Breaking News

HUKUM Komnas HAM Konsultasi Pelanggaran HAM Berat, PPAD Usulkan Rekonsiliasi Alamiah 18 Mar 2017 15:41

Article image
Ketua Persatuan Purnawirawan Angkatan Darat (PPAD) Letjen (Purn) Kiki Syahnakri. (Foto: Ist)
Rekonsiliasi alamiah yang dimaksudkan para purnawirawan TNI-AD tersebut, kata Kiki, adalah penyelesaian yang terjadi dengan sendirinya, melalui sejumlah langkah yang diambil pemerintah sejak reformasi.

JAKARTA, IndonesiaSatu.co -- Penyelesaian kasus pelanggaran Hak Asasi Manusia (HAM) berat di Indonesia masih jalan di tempat. Bahkan, gaungnya semakin sayup-sayup sampai.

Pemerintahan era reformasi pernah membentuk Komisi Kebenaran dan Rekonsiliasi (KKR), namun bubar di tengah jalan. Rekomendasi yang dikeluarkan KKR juga tidak dijalankan.

Semua pihak tampaknya sepakat bahwa penyelesaian pelanggaran HAM berat tersebut membutuhkan rekonsiliasi nasional. Namun, model rekonsiliasi yang digunakan belum mencapai titik temu. Para pengambil kebijakan dan stakeholders belum sepakat apakah menggunakan model Afrika Selatan yang mensyaratkan pengungkapan kebenaran dan pengakuan kesalahan di pengadilan, atau memaafkannya begitu saja (forgive but non forget).

Alhasil, hingga saat ini, penuntasan perkara pelanggaran HAM berat masa lalu masih tidak pasti. Pembahasan kasus HAM berat yang diawali pada masa Menteri Koordinator Politik, Hukum, dan Keamanan Tedjo Edhy Purdijatno pada 2015 tidak terdengar lagi. Saat itu, disepakati adanya komite gabungan yang beranggotakan Komnas HAM, Kejaksaan Agung, Polri, Badan Intelijen Negara, dan TNI.

Setidaknya, ada enam kasus yang perlu diselesaikan, yaitu peristiwa 1965, penembakan misterius 1982-1985, peristiwa Talangsari 1989, penghilangan orang secara paksa 1997-1998, kerusuhan Mei 1998, serta peristiwa Trisakti, Semanggi I, dan Semanggi II.

Sadar akan tanggung jawabnya yang berat, Komisi Nasional Hak Asasi Manusia (Komnas HAM) mulai mendatangi berbagai pihak untuk melakukan konsultasi terkait rencana penyelesaian kasus pelanggaran HAM berat tersebut.

Komisioner Komnas HAM yang dipimpin Nur Kholis mendatangi Persatuan Purnawirawan Angkatan Darat (PPAD), di Kantor PPAD, Jalan Matraman Raya, Jakarta, Jumat (17/3/2017).
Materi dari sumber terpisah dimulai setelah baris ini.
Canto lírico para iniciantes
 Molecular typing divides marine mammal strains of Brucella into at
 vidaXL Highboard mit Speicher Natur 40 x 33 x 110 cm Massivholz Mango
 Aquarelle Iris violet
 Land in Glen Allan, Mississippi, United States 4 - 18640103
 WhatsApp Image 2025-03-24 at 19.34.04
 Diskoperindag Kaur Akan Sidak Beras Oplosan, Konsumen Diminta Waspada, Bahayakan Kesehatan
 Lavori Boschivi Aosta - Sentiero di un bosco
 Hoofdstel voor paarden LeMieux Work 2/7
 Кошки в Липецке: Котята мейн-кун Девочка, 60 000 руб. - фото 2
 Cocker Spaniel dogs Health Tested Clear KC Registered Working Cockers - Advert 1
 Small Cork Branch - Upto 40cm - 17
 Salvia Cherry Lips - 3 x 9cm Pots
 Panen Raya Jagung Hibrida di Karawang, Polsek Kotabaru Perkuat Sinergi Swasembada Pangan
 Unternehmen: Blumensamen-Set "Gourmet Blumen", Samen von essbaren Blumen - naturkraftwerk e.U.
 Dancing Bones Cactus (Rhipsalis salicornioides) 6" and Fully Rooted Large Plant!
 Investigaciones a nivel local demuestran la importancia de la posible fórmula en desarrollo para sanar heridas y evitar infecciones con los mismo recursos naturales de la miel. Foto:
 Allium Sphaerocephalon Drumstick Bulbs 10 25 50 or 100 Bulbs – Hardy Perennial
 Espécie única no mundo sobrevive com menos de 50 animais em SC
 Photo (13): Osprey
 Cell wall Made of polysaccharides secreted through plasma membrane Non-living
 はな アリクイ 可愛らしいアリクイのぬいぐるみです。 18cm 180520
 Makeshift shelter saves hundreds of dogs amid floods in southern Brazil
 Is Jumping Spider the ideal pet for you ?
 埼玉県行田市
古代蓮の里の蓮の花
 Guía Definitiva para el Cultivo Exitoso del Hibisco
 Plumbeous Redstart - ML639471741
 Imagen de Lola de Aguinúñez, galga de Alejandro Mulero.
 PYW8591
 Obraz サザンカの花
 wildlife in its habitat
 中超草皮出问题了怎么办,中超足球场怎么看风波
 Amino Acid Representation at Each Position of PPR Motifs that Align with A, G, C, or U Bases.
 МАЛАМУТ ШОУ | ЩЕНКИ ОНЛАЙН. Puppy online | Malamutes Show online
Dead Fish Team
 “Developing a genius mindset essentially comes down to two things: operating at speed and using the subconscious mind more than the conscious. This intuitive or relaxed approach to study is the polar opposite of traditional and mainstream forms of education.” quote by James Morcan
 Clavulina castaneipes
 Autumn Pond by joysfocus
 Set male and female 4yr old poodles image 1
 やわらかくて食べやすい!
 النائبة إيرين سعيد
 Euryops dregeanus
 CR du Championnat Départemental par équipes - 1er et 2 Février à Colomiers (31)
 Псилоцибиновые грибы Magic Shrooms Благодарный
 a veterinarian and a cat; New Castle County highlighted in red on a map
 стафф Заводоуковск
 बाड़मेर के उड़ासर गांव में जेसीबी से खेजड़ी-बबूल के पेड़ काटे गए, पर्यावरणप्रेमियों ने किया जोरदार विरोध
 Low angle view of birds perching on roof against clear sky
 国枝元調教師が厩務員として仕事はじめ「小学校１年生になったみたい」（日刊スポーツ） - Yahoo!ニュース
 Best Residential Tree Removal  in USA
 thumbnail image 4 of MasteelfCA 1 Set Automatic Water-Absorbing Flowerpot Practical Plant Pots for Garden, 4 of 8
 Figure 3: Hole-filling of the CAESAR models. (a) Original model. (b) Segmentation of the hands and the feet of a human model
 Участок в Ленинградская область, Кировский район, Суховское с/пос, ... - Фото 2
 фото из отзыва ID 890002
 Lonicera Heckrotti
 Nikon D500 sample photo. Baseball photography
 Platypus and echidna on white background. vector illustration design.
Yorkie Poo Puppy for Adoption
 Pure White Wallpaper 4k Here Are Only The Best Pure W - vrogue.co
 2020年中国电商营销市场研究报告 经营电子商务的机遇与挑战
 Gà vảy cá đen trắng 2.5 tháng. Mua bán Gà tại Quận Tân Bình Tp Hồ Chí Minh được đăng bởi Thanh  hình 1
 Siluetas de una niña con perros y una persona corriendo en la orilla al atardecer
Komisioner diterima langsung oleh Ketua PPAD Letjen (Purn) Kiki Syahnakri. Pertemuan berlangsung tertutup sejak pukul 14.30 WIB. 

Di sela-sela pertemuan, Nur Kholis mengatakan bahwa pihaknya berinisiatif mencari masukan dari banyak pihak untuk penyelesaian kasus pelanggaran HAM tahun 1965.

"Ini inisiatif kita untuk berkonsultasi. Selain kesini kita juga berkonsultasi ke lembaga hukum internasional dan lain-lain," kata Nur Kholis kepada wartawan yang menunggu sejak pukul 14.00 WIB.

Sejauh ini, kata dia, Komnas HAM belum memutuskan apapun terkait penyelesaian kasus pelanggaran HAM tahun 1965. Dia menambahkan, Komnas HAM sudah melakukan penyelidikan terkait peristiwa pemberontakan PKI tahun 1965/1966 itu.

 

Rekonsiliasi Alamiah

Usai pertemuan tertutup, purnawirawan TNI Angkatan Darat mengisyaratkan agar penyelesaian kasus tersebut menggunakan metode rekonsiliasi alamiah.

”Penyelesaian yudisial dikhawatirkan membuka luka lama. Non-judisial prosesnya panjang dan dikhawatirkan buntu. Idealnya adalah rekonsiliasi alamiah,” kata Kiki.

Rekonsiliasi alamiah yang dimaksudkan para purnawirawan TNI-AD tersebut, kata Kiki, adalah penyelesaian yang terjadi dengan sendirinya, melalui sejumlah langkah yang diambil pemerintah sejak reformasi. Salah satunya, penghapusan tanda khusus pada KTP para warga yang pernah dianggap berhubungan dengan Partai Komunis Indonesia (PKI).

Sementara itu, Komisioner Komnas HAM, Roichatul Aswidah mengatakan, pihaknya memilih tetap berpegang pada Rencana Pembangunan Jangka Menengah Nasional yang diterbitkan pemerintah. RPJM Nasional itu antara lain menyebutkan bahwa penyelesaian perkara pelanggaran HAM berat masa lalu harus melalui konsensus nasional dan dibentuk komite langsung di bawah Presiden.

Kendati demikian, komisioner Komnas HAM menghargai masukan para purnawirawan tersebut. Selain ke PPAD, kata Roichatul, pihaknya juga akan mengunjungi Persatuan Purnawirawan ABRI.

”Masukan ini akan kami jadikan pertimbangan dalam menentukan langkah lanjutan. Suara korban dan keluarga juga perlu didengarkan. Lembaga lain yang berkaitan dengan rekonsiliasi juga akan kami mintai pendapat,” ujar Roichatul.